— TASK STATEMENT —
Write out, please, each line from the one containing "Ferda Mix C Vitamin 60 mg 110 tablet" to the final line of the data, both included, exactly and without pictures.

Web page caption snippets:
Segment Open
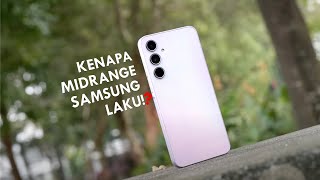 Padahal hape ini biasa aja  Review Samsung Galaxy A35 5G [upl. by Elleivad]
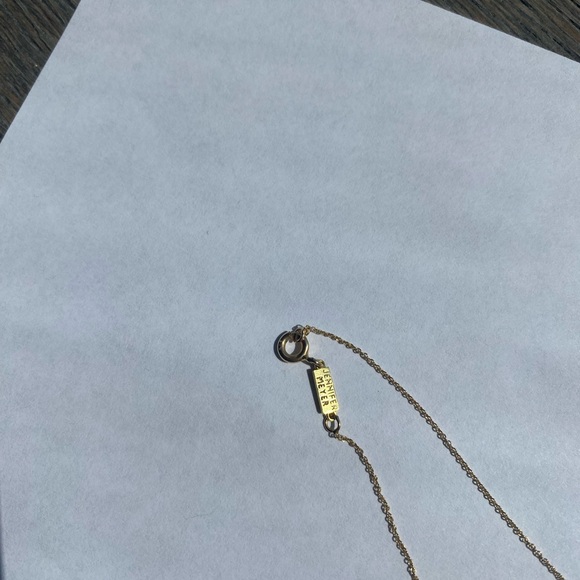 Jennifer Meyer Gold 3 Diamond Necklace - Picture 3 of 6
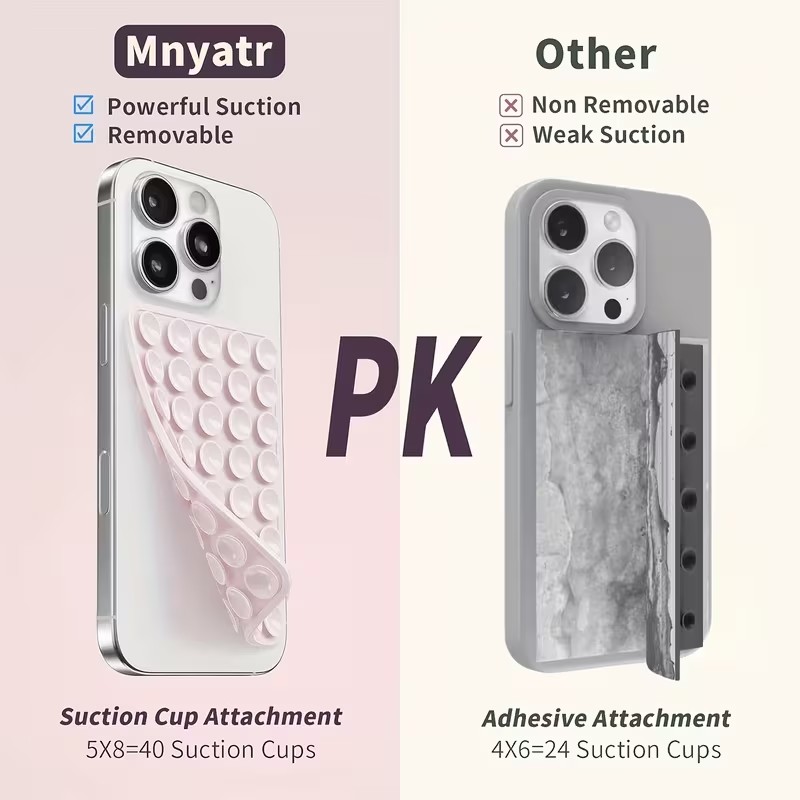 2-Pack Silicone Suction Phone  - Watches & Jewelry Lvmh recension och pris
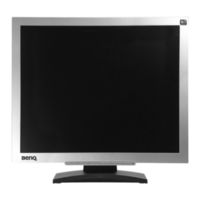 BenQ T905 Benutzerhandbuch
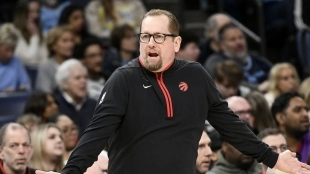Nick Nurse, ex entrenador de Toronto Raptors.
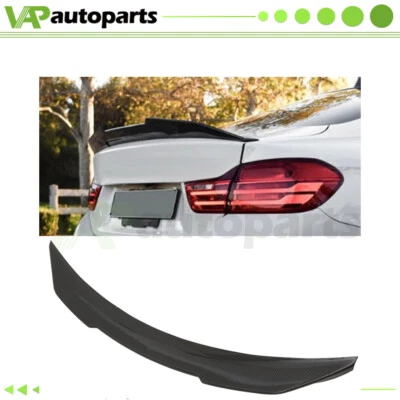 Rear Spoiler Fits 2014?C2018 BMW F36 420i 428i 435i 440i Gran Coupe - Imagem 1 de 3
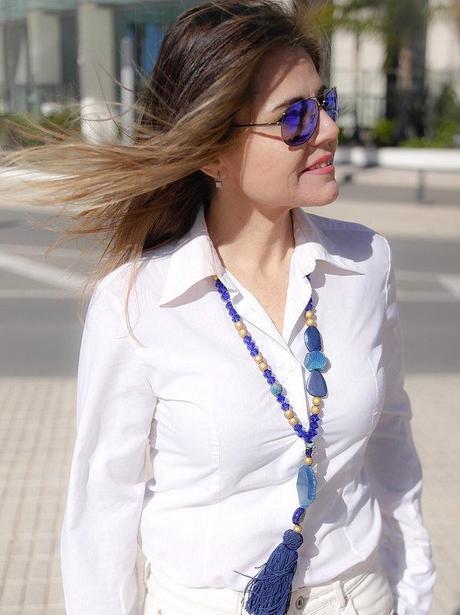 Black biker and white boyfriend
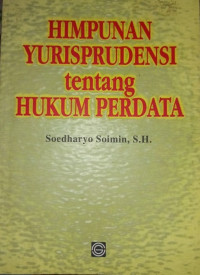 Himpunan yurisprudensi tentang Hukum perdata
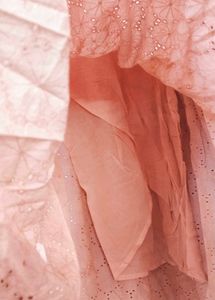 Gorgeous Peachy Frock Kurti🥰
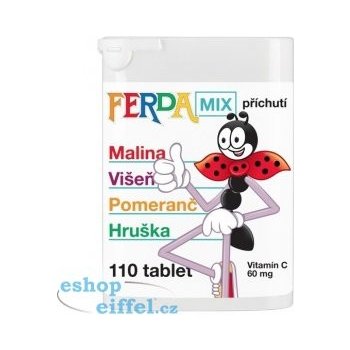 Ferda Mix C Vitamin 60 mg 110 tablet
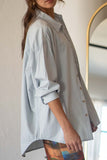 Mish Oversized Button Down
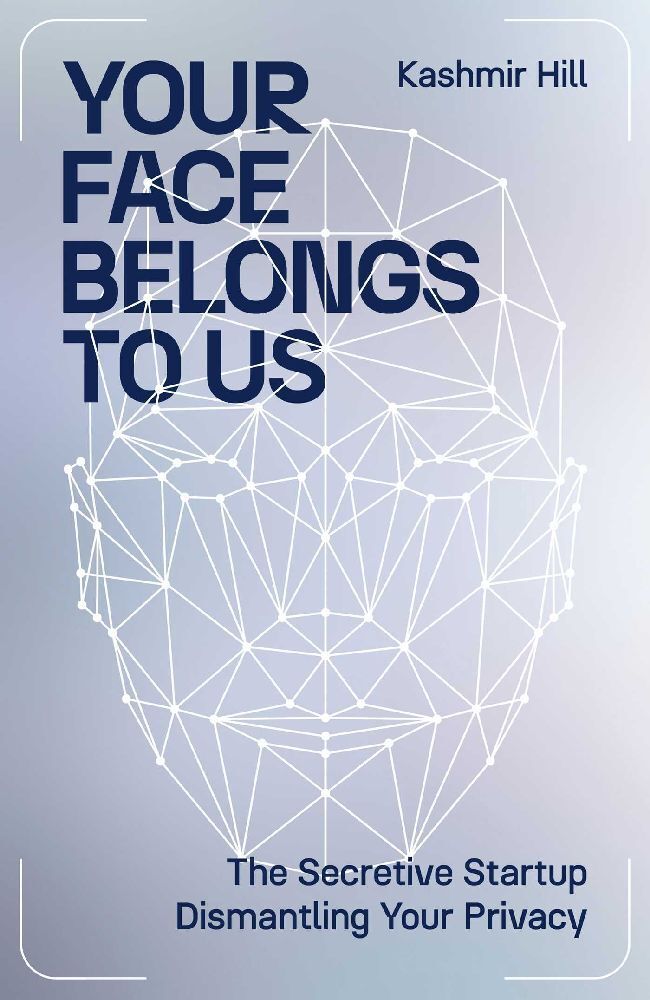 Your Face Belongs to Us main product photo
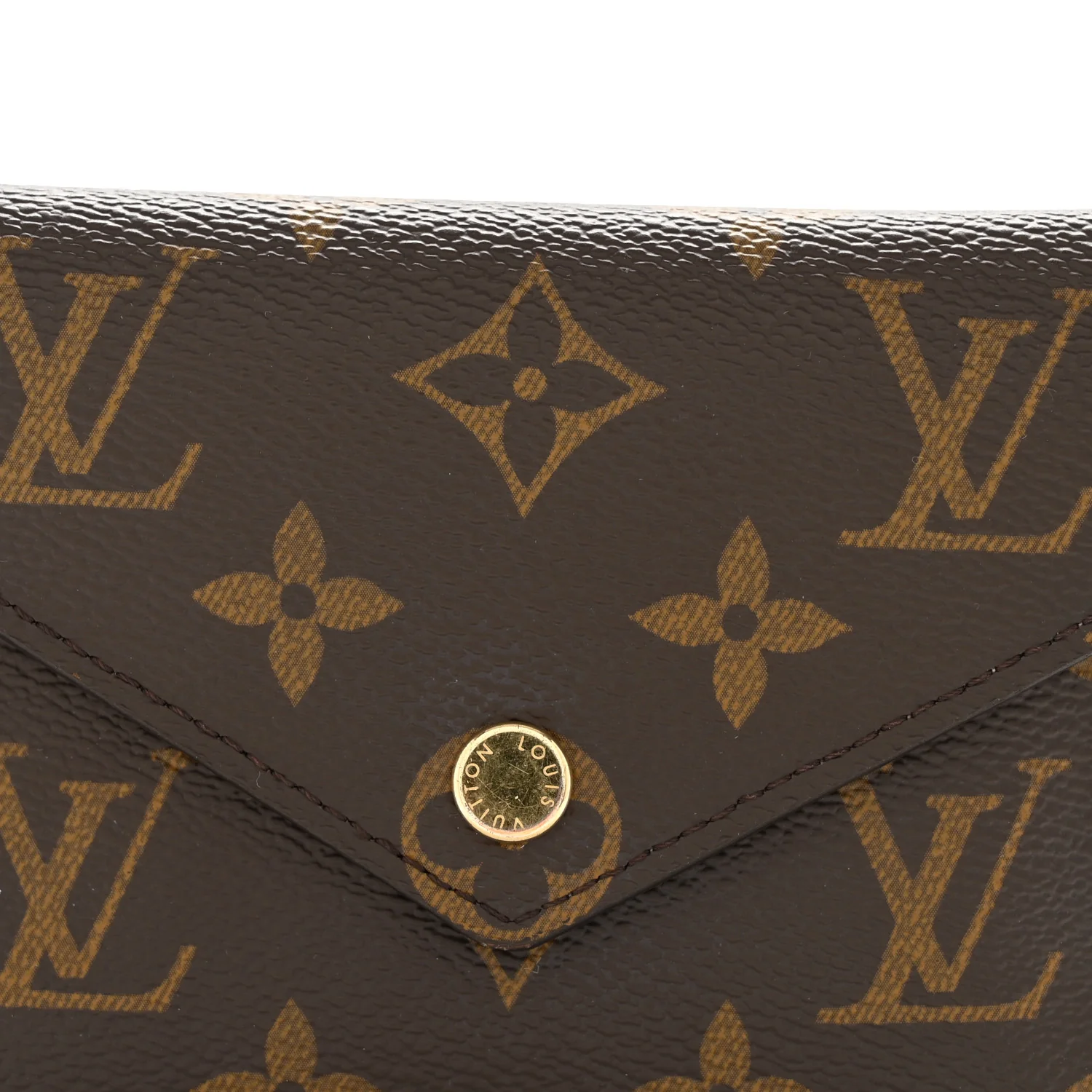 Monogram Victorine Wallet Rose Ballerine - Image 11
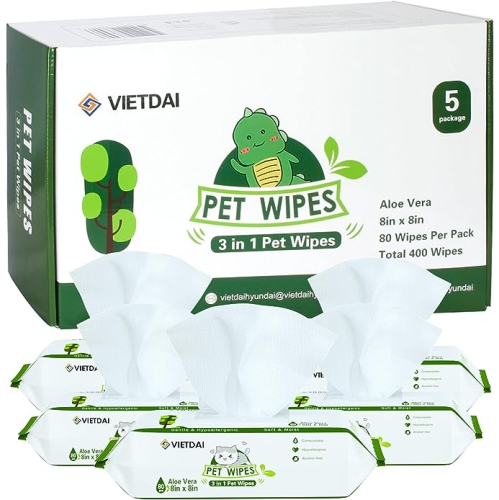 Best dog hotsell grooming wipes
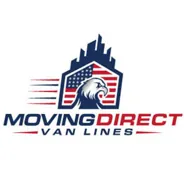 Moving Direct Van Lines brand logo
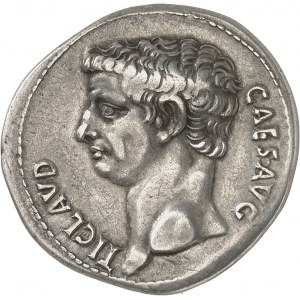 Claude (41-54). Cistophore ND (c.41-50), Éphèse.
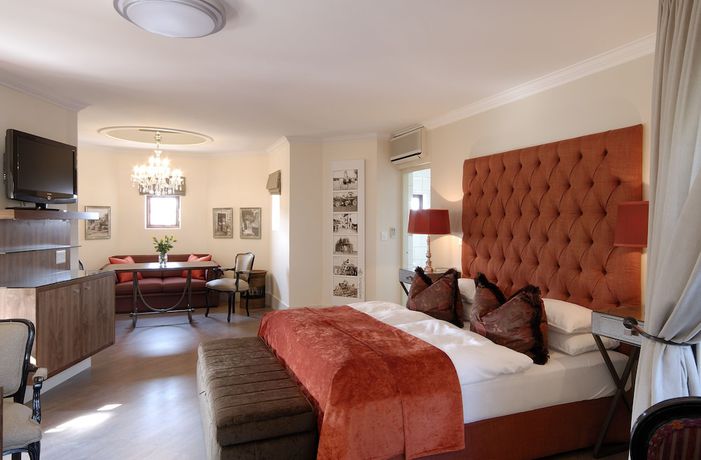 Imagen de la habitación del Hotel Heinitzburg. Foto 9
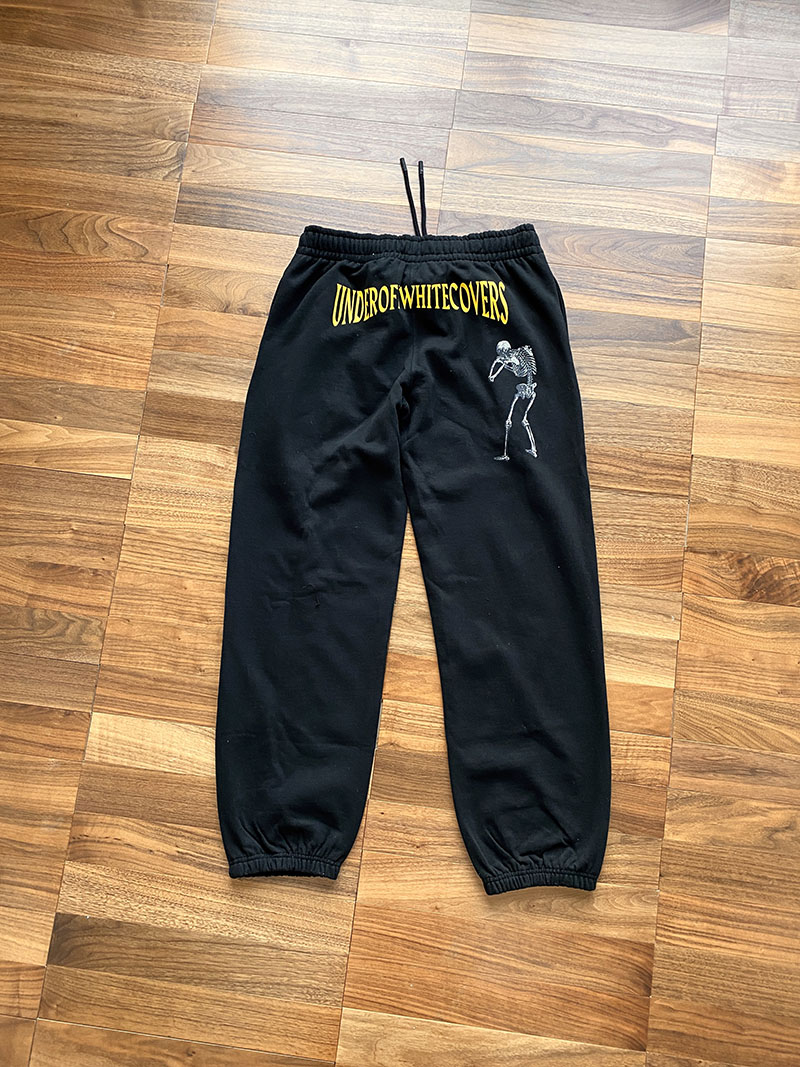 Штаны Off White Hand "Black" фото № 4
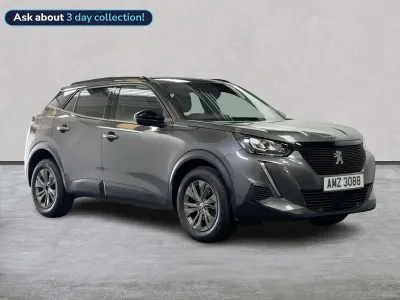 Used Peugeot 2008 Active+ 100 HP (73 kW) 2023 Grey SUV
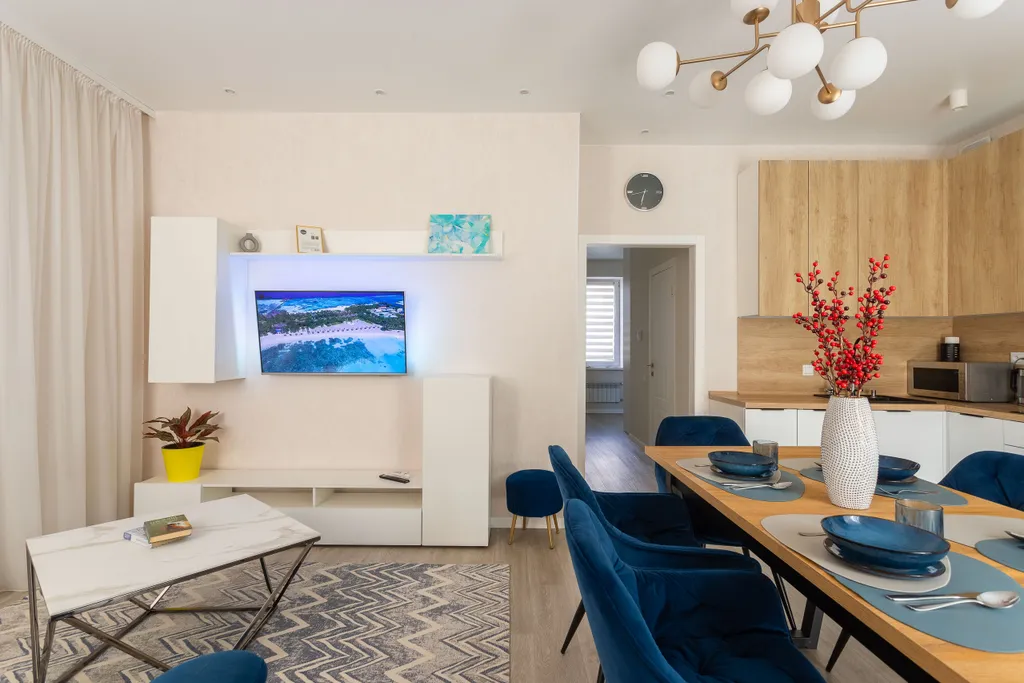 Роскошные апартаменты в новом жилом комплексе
Segment Closed
— TASK ANSWER —
 Ferda Mix C Vitamin 60 mg 110 tablet
 Mish Oversized Button Down
 Your Face Belongs to Us main product photo
 Monogram Victorine Wallet Rose Ballerine - Image 11
 Best dog hotsell grooming wipes
 Moving Direct Van Lines brand logo
 Claude (41-54). Cistophore ND (c.41-50), Éphèse.
 Imagen de la habitación del Hotel Heinitzburg. Foto 9
 Штаны Off White Hand "Black" фото № 4
 Used Peugeot 2008 Active+ 100 HP (73 kW) 2023 Grey SUV
 Роскошные апартаменты в новом жилом комплексе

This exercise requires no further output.